The new business, Audi NSU Auto Union AG, effectively ended the NSU marque, with all future manufacturing under the Audi logo (although retaining the four interlocking circles of Auto Union). The new combine's management was initially located at the Neckarsulm factory, but when the tiny rear-engined NSU models (Prinz 4, 1000, and 1200) were taken out of production in 1973, the Ro 80 was the only car still in production with the NSU logo.
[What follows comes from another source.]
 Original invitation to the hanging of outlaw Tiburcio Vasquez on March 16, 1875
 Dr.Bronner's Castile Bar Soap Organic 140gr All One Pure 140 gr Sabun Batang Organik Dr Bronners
Audi never used the brand name NSU again after the last Ro 80 was sold in April 1977. The corporate name was abbreviated to Audi AG in 1985, and management returned to Audi's headquarters in Ingolstadt.

NSU is well known today as the first license holder and one of just four automotive firms to sell automobiles powered by rotary "Wankel engines" The contemporary Wankel engine with an inner rotor was created by NSU. After the Mazda Cosmo, the NSU Ro 80 was the second mass-produced two-rotor Wankel-powered car.  NSU's last automobile with a traditional configuration (front-engine, front-wheel-drive, water-cooled) was the NSU K70.